- _Exercise description_
Output the whole listing exactly, except for the pictures in it.

- _Dataset content_

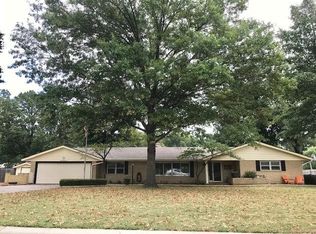 717 Red Oak Dr, Ponca City, OK 74604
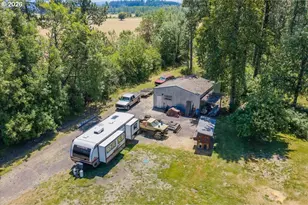 29727 Santiam Terrace Rd, Lebanon, OR 97355 - Photo 3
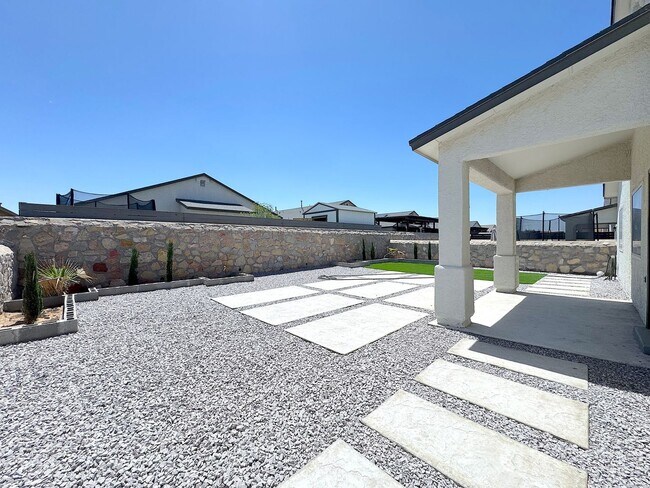 Building Photo - East El Paso 4 bed 2 Bath Refrig A/C!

- _Result for this exercise_
 717 Red Oak Dr, Ponca City, OK 74604
 29727 Santiam Terrace Rd, Lebanon, OR 97355 - Photo 3
 Building Photo - East El Paso 4 bed 2 Bath Refrig A/C!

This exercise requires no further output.